I am not a huge fan of the app as it’s very temperamental. That said, the main layout is pretty clean and all features are accessible with a few taps. Some features are only accessible via the app, such as object tracking.
The facial recognition and tracking support works like a charm. The 600-degree panning capability made it very easy for the unit to follow me wherever I went. Other features within the Hohem Gimbal app include panorama, time-lapse, motion time-lapse, hyper-lapse, slow-motion, and more. There’s plenty to experiment with.
Stabilization is smooth and fast and up to par with the best out there. This comes as no surprise given it has motors powerful enough to carry 280g devices.
What’s not so good?
The most obvious downside is build quality. It’s made of cheap plastic with a rubberized palm rest on the front and a small and flimsy tripod. The entire experience just lacks the quality you come to expect from the main competitors. There’s also no lock for the arms and holder, so the arms will just swing and flap around. To put it simply, the design leaves a lot to be desired.
In addition, the zoom button feature doesn’t offer a smooth experience. Zooming is jittery and frequently lagged, which doesn’t look good if used mid-video.
Hohem iSteady Mobile Plus review: Should I buy it?
I came into this review with few expectations. I was left surprised by what the Hohem iSteady Mobile Plus can do for $89. It may look and feel like a low-quality product at times, but the device performs just as well as the most expensive smartphone gimbals. In fact, it trumps them in certain areas, such as payload, panning limits, and following performance.
The Hohem iSteady Mobile Plus performs like a high-end smartphone gimbal, but costs as much as the mid-tier ones.

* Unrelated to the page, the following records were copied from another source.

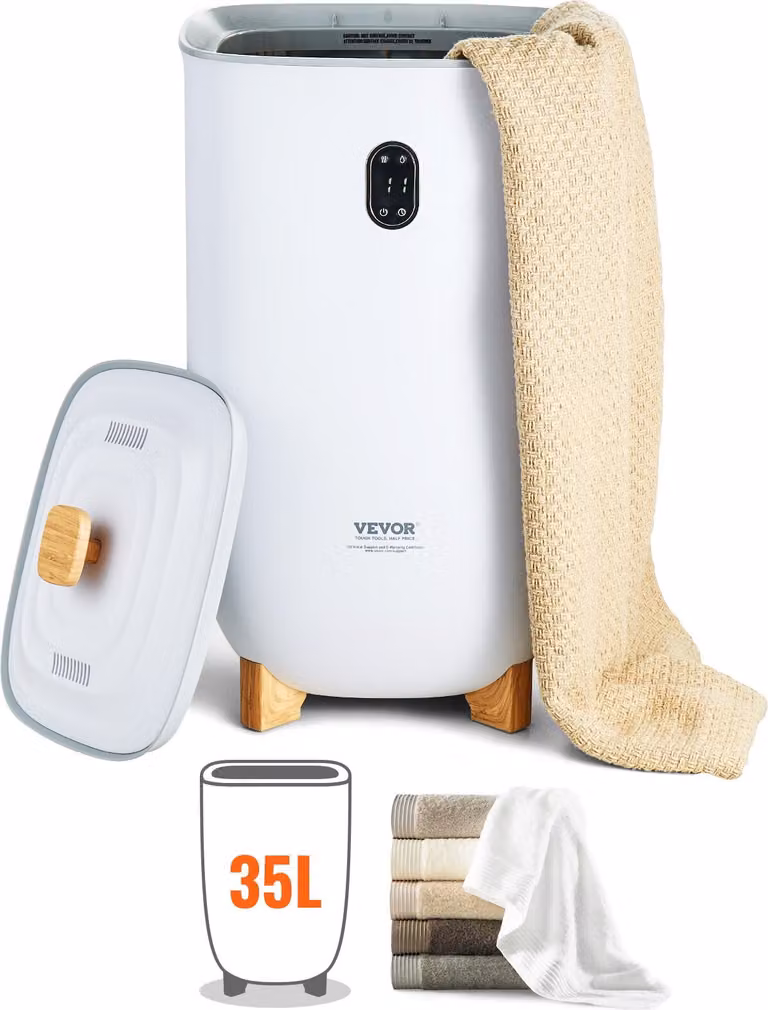 Scaldasalviette 35L secchio LED schermo asciugasalviette bianco timer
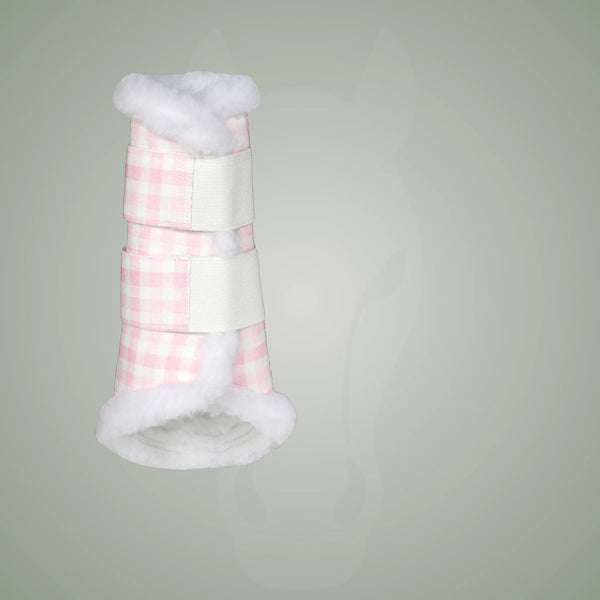 Dapplebay Gingham Brush Boots-Pink/White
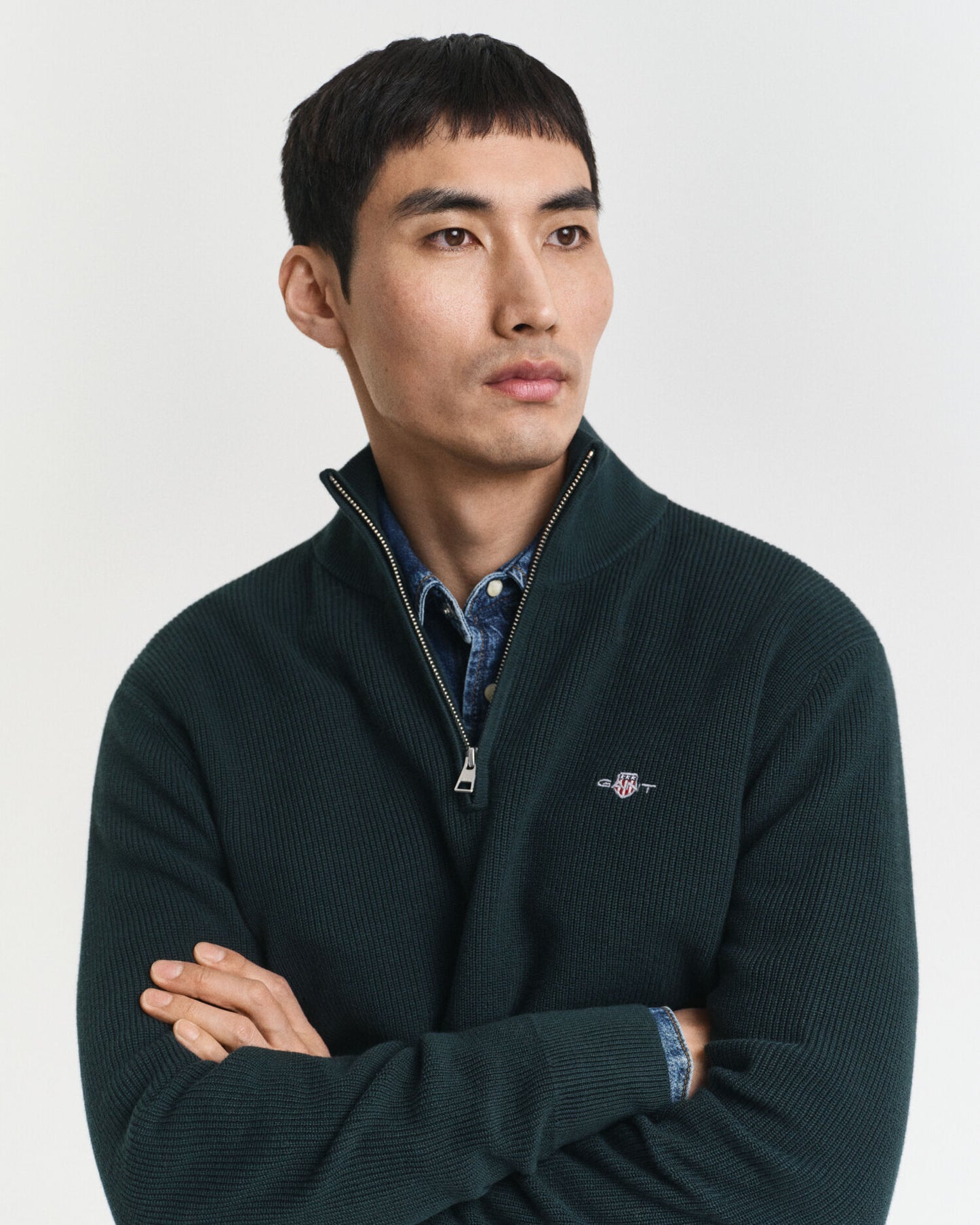 Pull demi-zippé en coton et laine mérinos côtelés
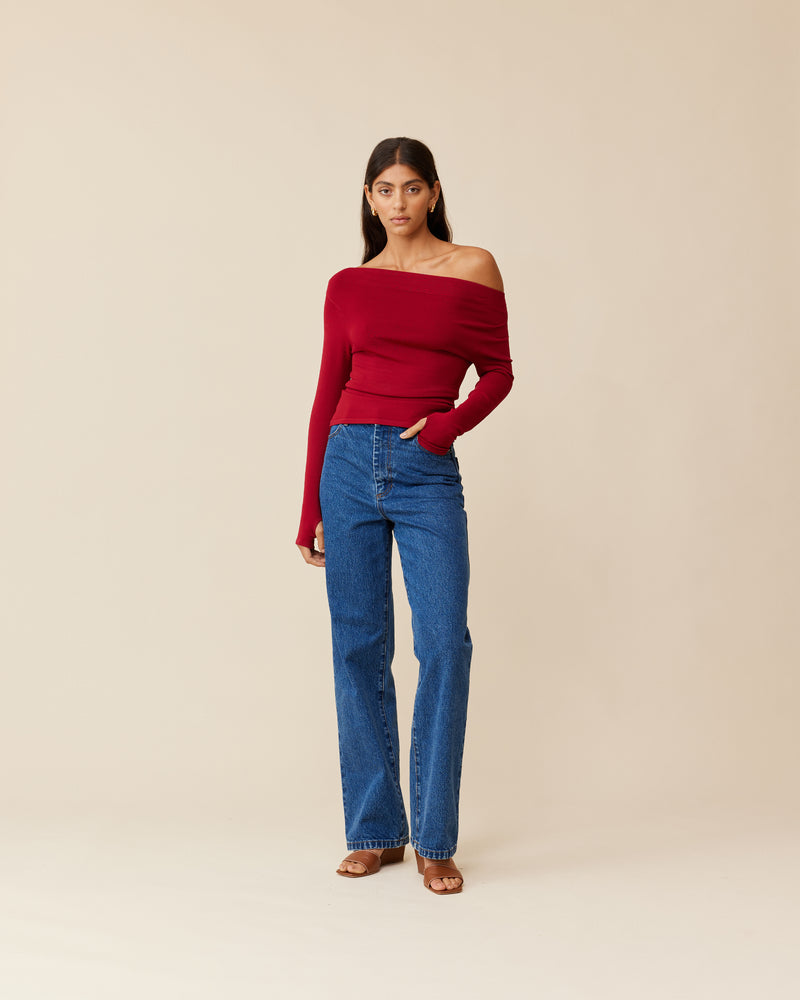 EMMA KNIT LONG SLEEVE SANGRIA | Off-shoulder long sleeve knitted top crafted in a mid-weight knit. This top is simple yet elegant and can be worn on or off the shoulder.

There are plenty of fun features such as face tracking, object tracking, and plenty of shooting modes. Video quality is pleasant from the app too. Then there are filters, panorama, and multiple types of time-lapse options. It’s a very full package for the price. The Hohem iSteady Mobile Plus performs like a high-end smartphone gimbal, but costs as much as the mid-tier ones.